Having just finished watching this film I’m left with a single feeling: surprise. How could this film fall so far under the radar of public knowledge today. Despite not being a ground-breaking film, I found it to be a very enjoyable one. WarGames succeeds at being engaging while also presenting some important questions. Perhaps the end of the Cold War has dated this film, but its focus on the issues surrounding dependence on machines to compensate for human weaknesses (i.e. emotions/hesitation) remains as relevant today as it was back in 1983 – perhaps even more so.
Director John Badham and editor Tom Rolf manage to inject enough tension into the film to keep viewers on the edge of their seat. Matthew Broderick and Ally Sheedy give strong performances as two teenagers in over their heads. This is especially true for Broderick. His David is a rebellious and cocky teenager who applies his God-given intelligence to computer hacking rather than academics. His growth as a character occurs only after he is humbled before those with true power, which gives us a glimpse into his own vulnerability.
The supporting cast all does fine as well, though it is John Wood’s portrayal of Dr. Falken that stands out. Falken’s very grief at losing his son’s has resulted in his adoption of a cold logic that demonstrates apathy towards the human race, which he must overcome before helping David and Jennifer save the world. “General you are listening to a machine. Do the world a favor and don’t act like one,” Falkan tells the General after changing his attitude. He acted like a machine himself, and is trying to convince the General not to follow in his footsteps.
WarGames, therefore, not only addresses the issue of a computer’s cold logic, but that same brand of logic which can exist in humanity. The film also highlights a kind of irony where coldness is initiated by very human emotions. For Falkan, his attitude was morphed by the loss of his wife and son. For the United States government, who decided to remove much of the human element in the nuclear security system in favor of a purely obedient machine, it is the Cold War fear.
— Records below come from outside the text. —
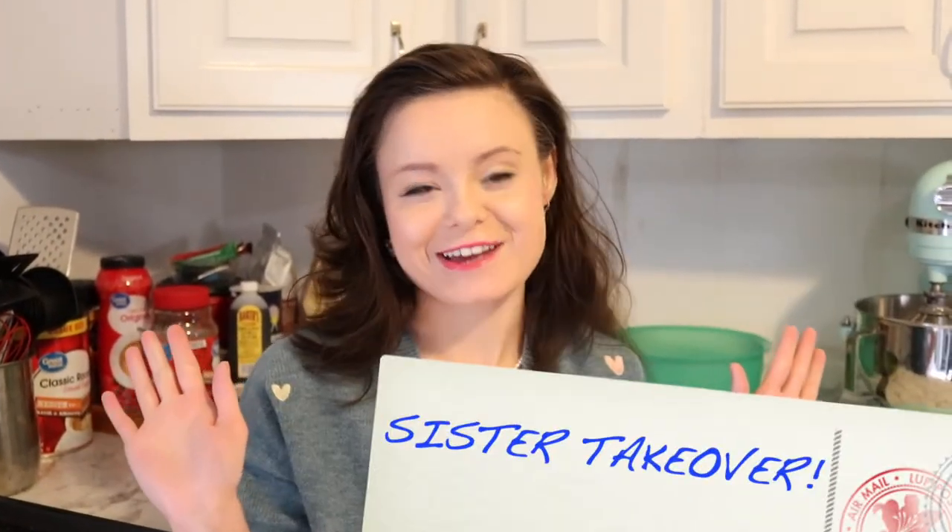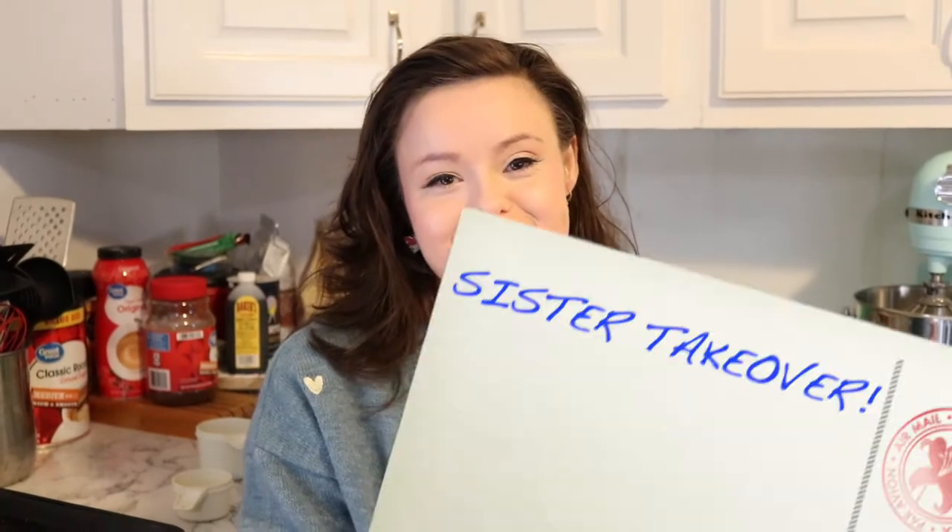Hey guys, I'm taking over Jen's channel today for a sister takeover. Today we are going to make my famous — not so famous yet — oatmeal cookies. They are great for everyone: grandmas, soccer moms, even rock and rollers, and even your pets could enjoy them too. So let's get into it.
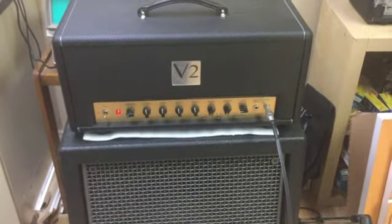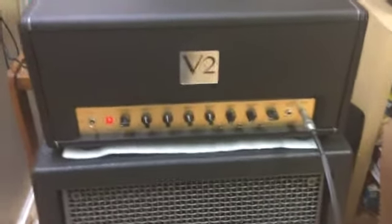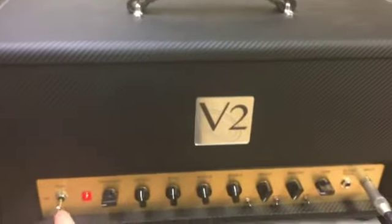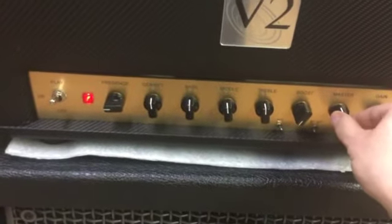Okay, first sound check. This isn't going to be a good tone test. What I want to do is just hear sounds coming out of the speaker. So I have a guitar plugged in. First thing I'm going to do is listen for hiss as I turn it up.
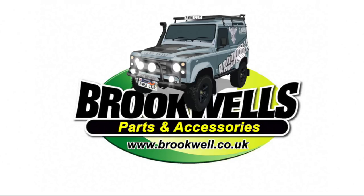Land Rover Toolbox Videos is sponsored by Brookwells Parts and Accessories. Check them out online at www.brookwells.co.uk. They can get everything or anything you need for any Land Rover vehicle.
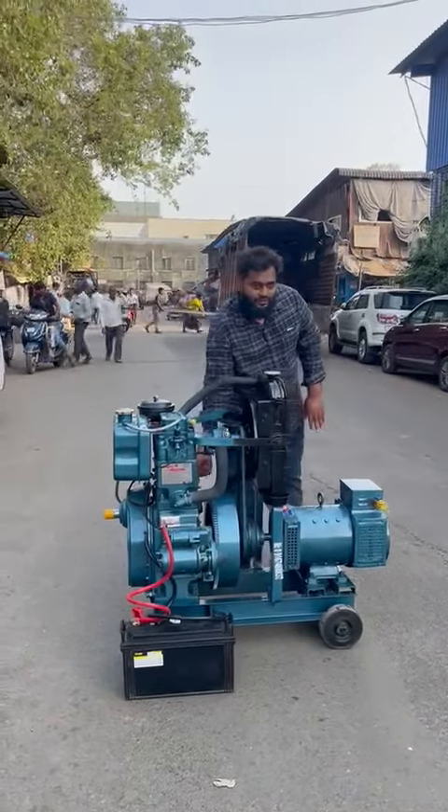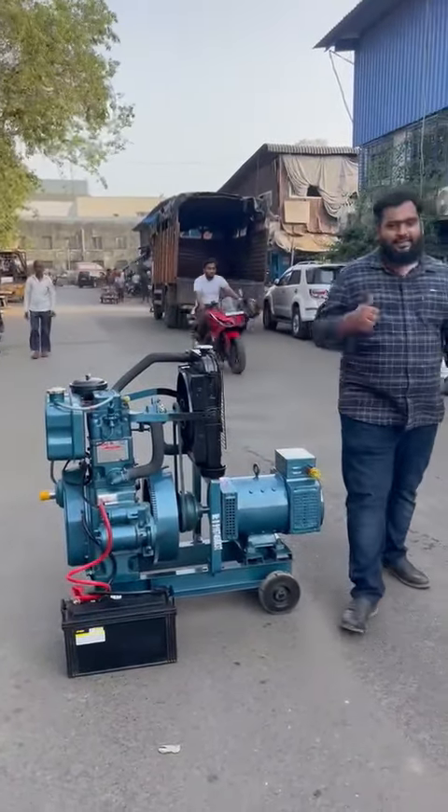So this is a three phase trolley mounted, noise version diesel generator.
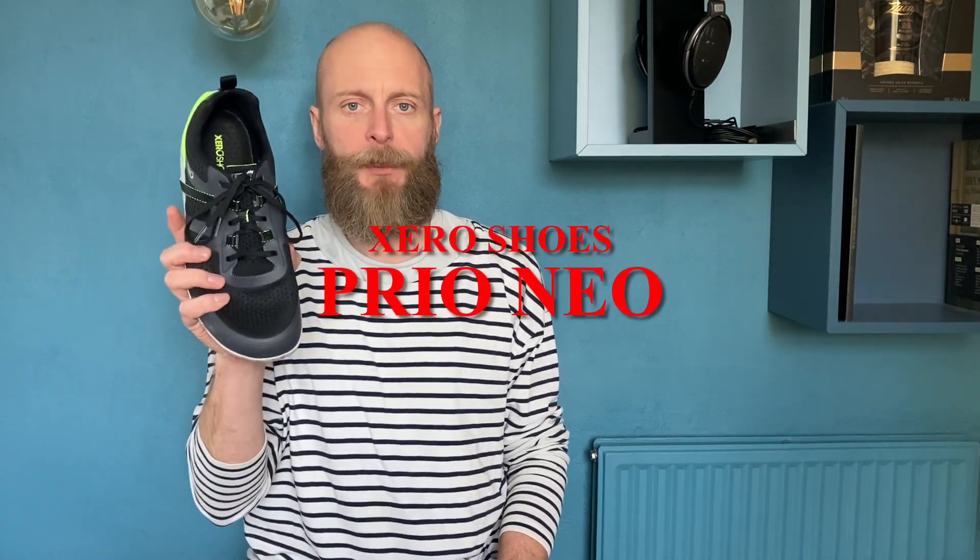Hi, I'm Kim and this is my review of the new Zero Shoes Prio Neo. First things first, these shoes were sent to me free of charge from Zero Shoes for me to review them.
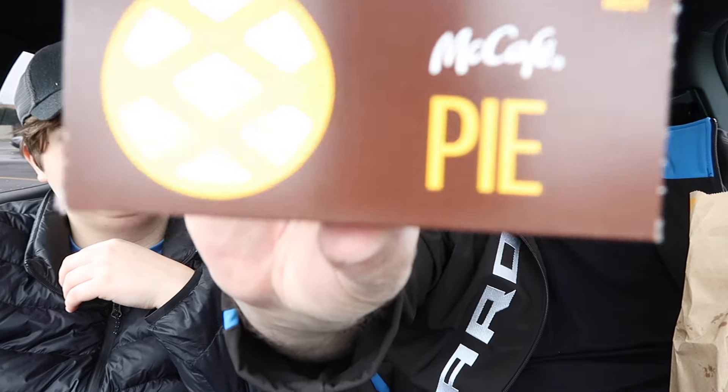McDonald's came out with the Double Big Mac and the Little Mac. You did the Double Big Mac and I did the Little Mac. So today we got a regular Big Mac, a Double Big Mac, and the return of a pie we never tried before — the strawberry and cream pie. It feels super hot. There are some fries in the bag too, but we don't need to review those because everybody knows what a fry tastes like.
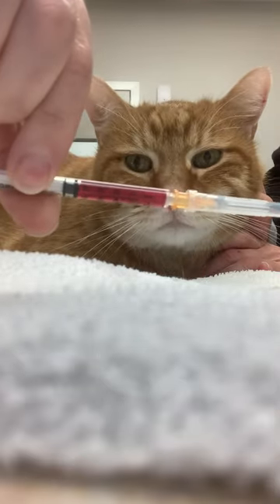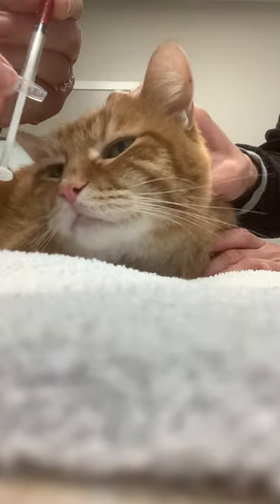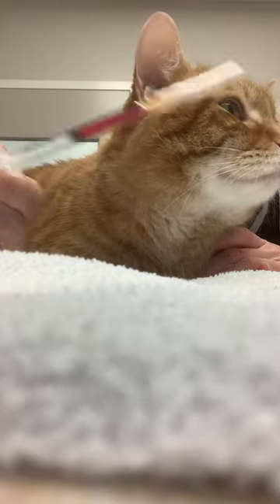The B12 will come in a syringe like this. There will be a piece of tape at the end on the plunger just to help prevent it from coming out while it's being transported, so you'll just remove the tape when you get home.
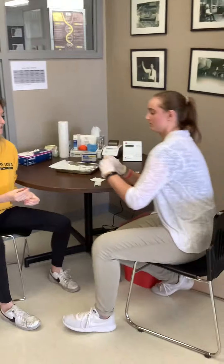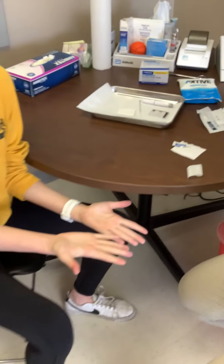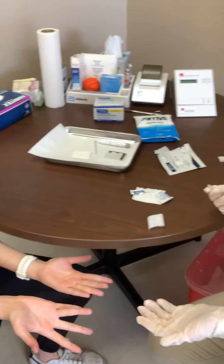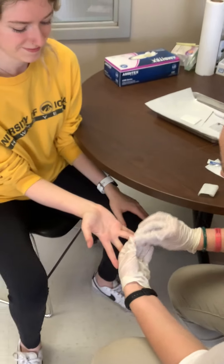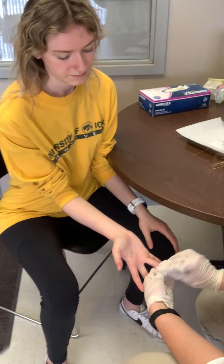I like to sit down too. They can choose either their ring finger or their middle finger, whichever hand they please. Don't be afraid to let gravity help — keep that hand a little bit lower than the heart.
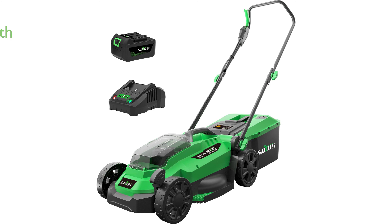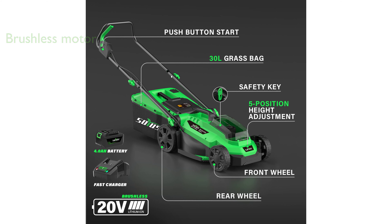The SOYUS 20-volt cordless lawn mower offers a 13-inch cutting width, ideal for maintaining small lawns. The mower features a brushless motor, ensuring a quiet, low-vibration operation while providing powerful performance without the hassle associated with gas or corded mowers.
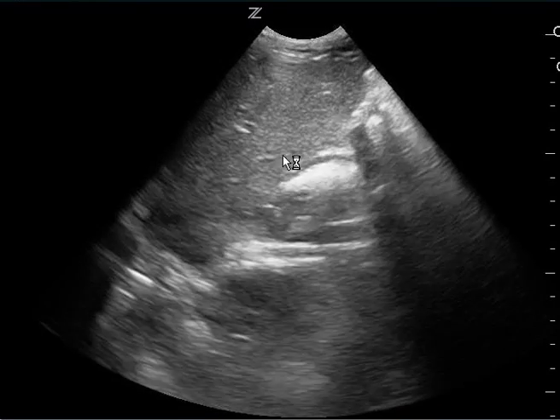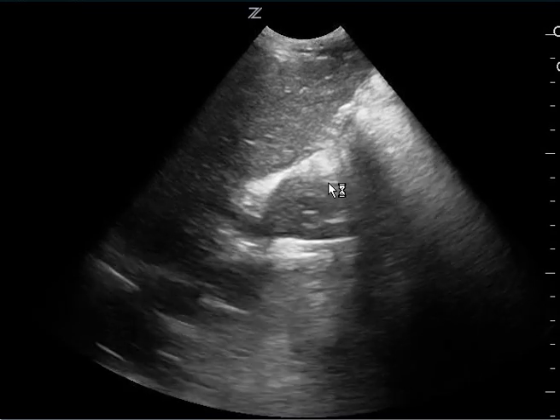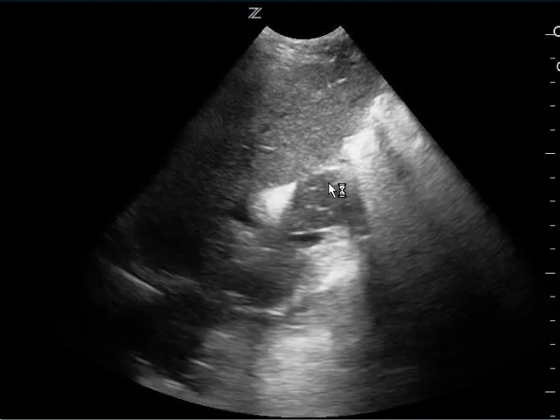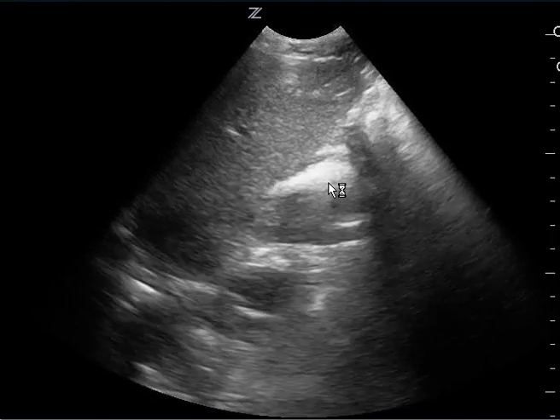This is a FAST exam. This is the right upper quadrant. You can see the liver here. I don't see the kidney too well, and so it's hard to get a good look at Morrison's pouch since the interface between the liver and kidney isn't there. It's also difficult to see the inferior pole of the kidney.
The only possible issue is that the concluding message of “there are no winners in the Cold War” (“It’s learning,” David says regarding the computer’s realization that there can be no winners in this real-life game of Tic-Tac-Toe) is a bit heavy-handed. Even that is grasping at straws, and Badham’s decision to use the game of tic-tac-toe as a metaphor does add to the subtlety. Overall it did not detract from the overall fantastic experience that I had viewing the film, and for that reason WarGames earns a very strong 4.75/5.